The Pennsylvania Fresh Food Financing Initiative (FFFI), a statewide financing program, was designed to attract supermarkets and grocery stores to underserved urban and rural communities. The program, which began in 2004, ended six years later when all of its funds were deployed.
The objectives of the program were to:
Learn about the national Healthy Food Financing Initiative.
Learn more about FFFI and related impact studies here.
Developed as a public-private partnership, FFFI served the financing needs of operators in communities where infrastructure costs and credit needs were not met by conventional financial institutions. The initiative used market analysis, leveraged capital, and public policy to stimulate supermarket development and increase the availability of fresh food in low-income neighborhoods.
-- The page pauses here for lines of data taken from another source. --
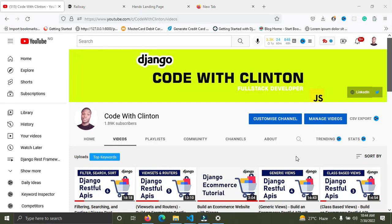Welcome back to Code with Clinton. In this video I'll show you how to create a live Postgres database for your Django project. This time you're not using AWS, you don't have to install Postgres, you don't have to install pgAdmin — you're going to use a new platform. This platform lets you create a live Postgres database for free, no credit card required, and it's super quick.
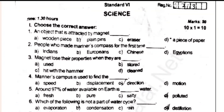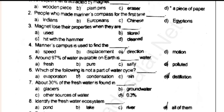Hello everyone, good evening. I am talking about Gautam. This is the official 3rd midterm science model. This video will be useful. If you want to subscribe to Gautam, click the bell button and subscribe.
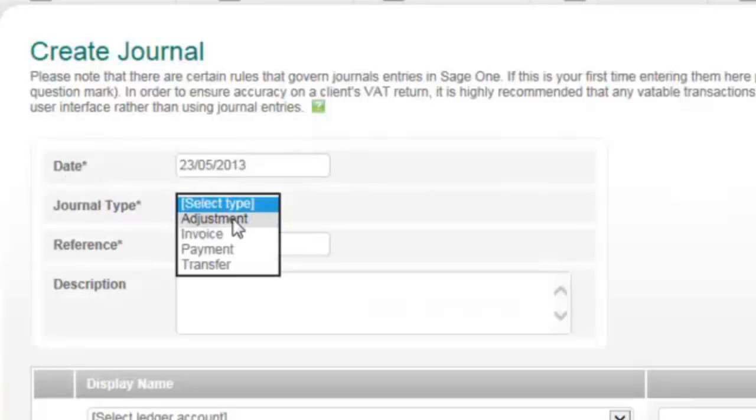Invoice is a VATable journal entry which will tag the journal transaction as an invoice in Sage One, meaning the entry will be picked up for standard VAT but not cash accounting VAT schemes.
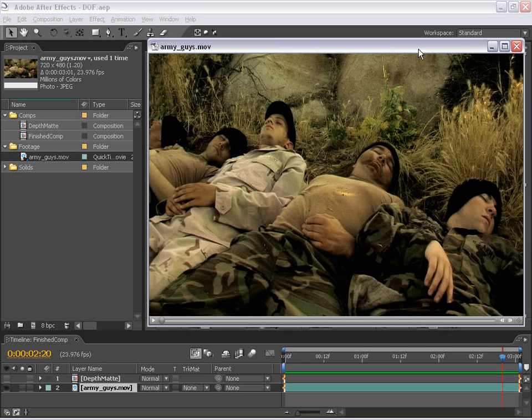Hey, Andrew Kramer here with VideoCopilot.net. And in this tutorial, I'm going to show you how to simulate a depth of field look on our live action footage.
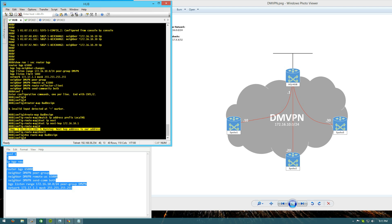So that's configuring iBGP within DMVPN to have a scalable solution for DMVPN routing. I hope this was informative, and I'll talk to you guys next time.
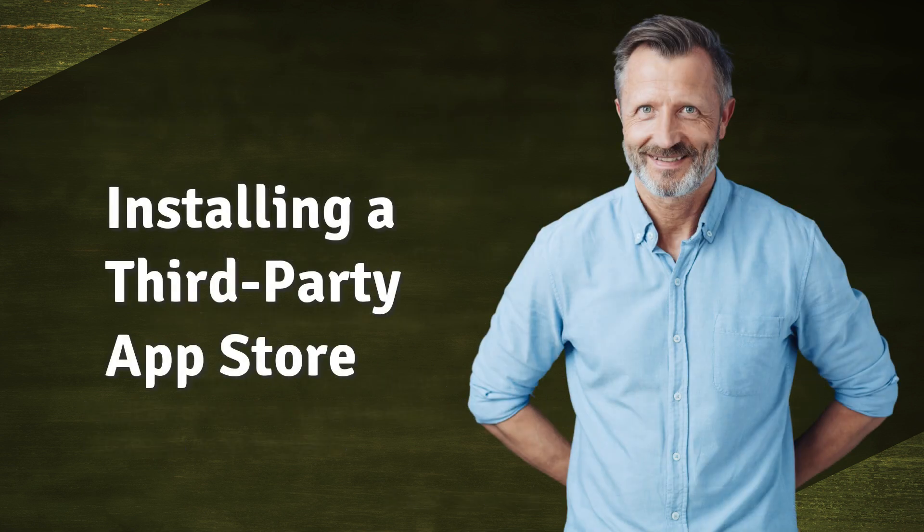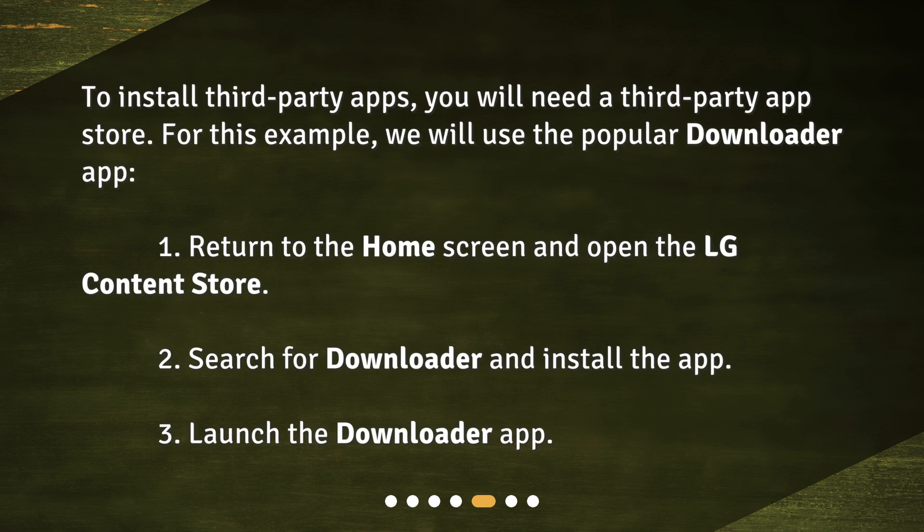Installing a third-party app store. To install third-party apps, you will need a third-party app store. For this example, we will use the popular Downloader app. 1. Return to the home screen and open the LG Content Store. 2. Search for Downloader and install the app. 3. Launch the Downloader app.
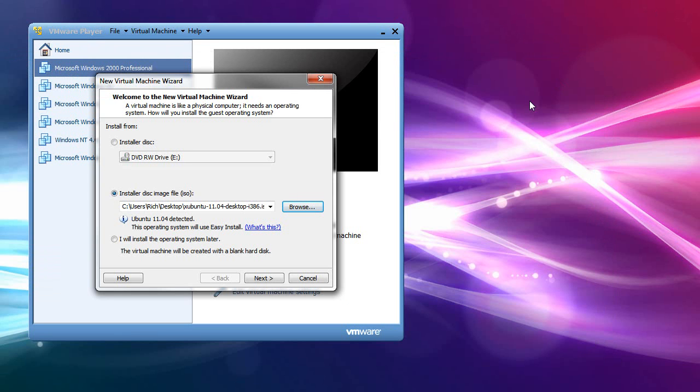Hello everyone, Rich here. This is a tutorial video, which will hopefully not be too long, on how to install Linux in VMware Player.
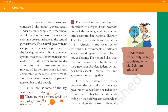Federations are contrasted with unitary governments. Under the unitary system, either there is only one level of government, or the subunits are subordinate to the central government — they are under the power of the central government. The central government can pass orders to provincial or local government. But in a federal system, the central government cannot order the state government to do something. The state government has its own right to access its own powers, and no other government body can guide how to access those powers. State government has powers of its own for which it is not answerable to the central government; both governments are separately answerable to the people.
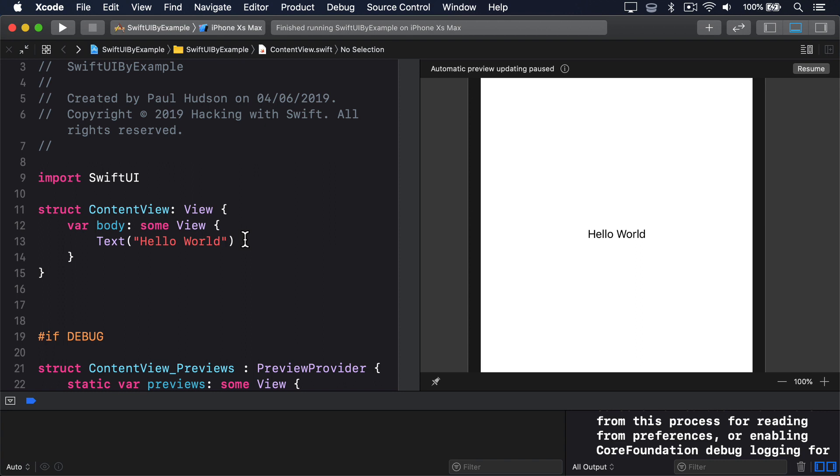Instead, we should define an @State Boolean property that will be used to store the current value of our toggle. We can then use that to show or hide other views as needed.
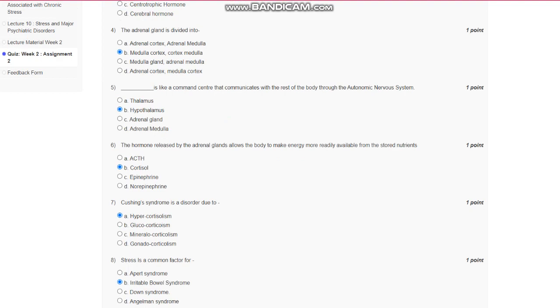Question number 4: The adrenal gland is divided into medulla and cortex. Question number 5: Hypothalamus is like a command center that communicates with the rest of the body through the autonomic nervous system.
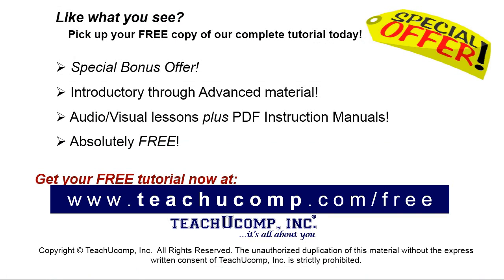Like what you see? Pick up your free copy of the complete tutorial at www.teachucomp.com/free.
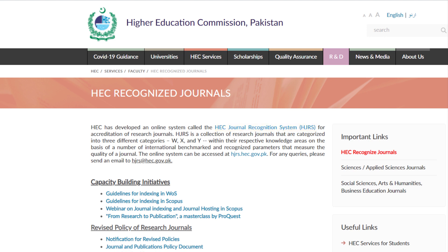The HJRS categorizes all academic research journals into three different categories, namely W, X, and Y, within their respective knowledge areas, based on several international benchmarked and recognized parameters that measure the quality of a journal.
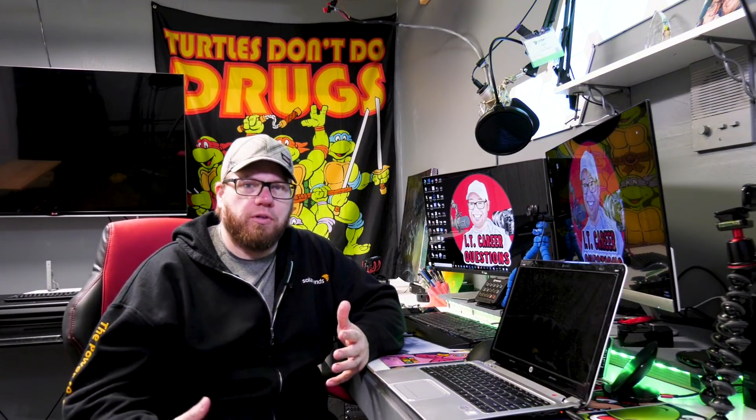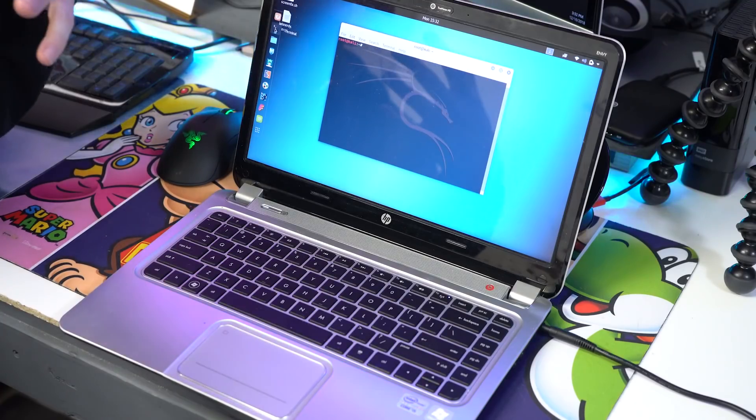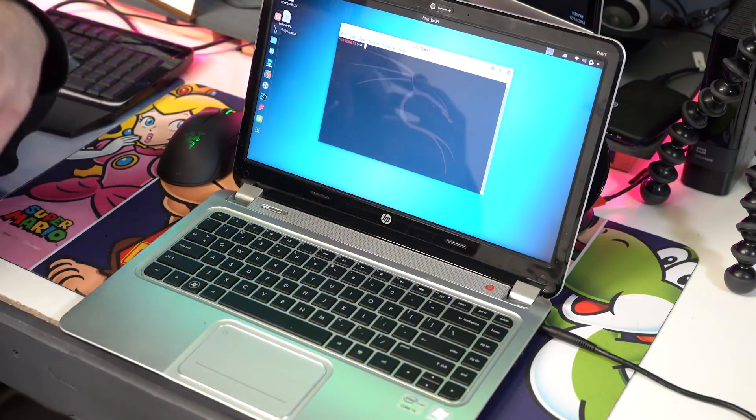One of the questions that I always get is: Zach, how do you troubleshoot things? What is the process that you go through when you have to troubleshoot an issue? So today I brought a laptop so that we could talk about just a few of the things that you might run across when you have to troubleshoot one of your user's laptops.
FFFI was a partnership of the Commonwealth of Pennsylvania, The Reinvestment Fund (TRF), The Food Trust and the Urban Affairs Coalition. TRF was the administrator of the program.
The State seeded the program with a $30 million grant, which TRF leveraged with $145 million in additional investment to provide loans and grants for predevelopment, acquisition, equipment and construction costs, as well as for start-up costs such as employee recruitment and training.
FFFI was hailed for its flexibility and ability to serve a diverse constituency. Projects financed through FFFI ranged in size from large, full-service supermarkets in urban neighborhoods to small grocery stores in rural areas. To inform the program and any replication efforts, four evaluations are currently underway or have been completed for FFFI.
1. TRF contracted with Econsult, an economic analysis consulting firm, to conduct an econometric analysis of supermarket impacts using an FFFI-funded store as one of the study subjects. The study examined the supermarket’s impacts on economic activity, employment, earnings, tax revenue and real estate values.
2. The U.S. Department of Treasury’s Community Development Finacial Institutions Fund funded TRF to evaluate the efficiency and impact of FFFI. In this study, TRF examined the significant difference in operating costs of supermarkets in distressed and non-distressed areas, and evaluated the impact of FFFI financing on reducing or removing these higher costs. The study also evaluated subsidy programs designed to promote economic development and compared their effectiveness to FFFI. Read a summary of the study or the full study.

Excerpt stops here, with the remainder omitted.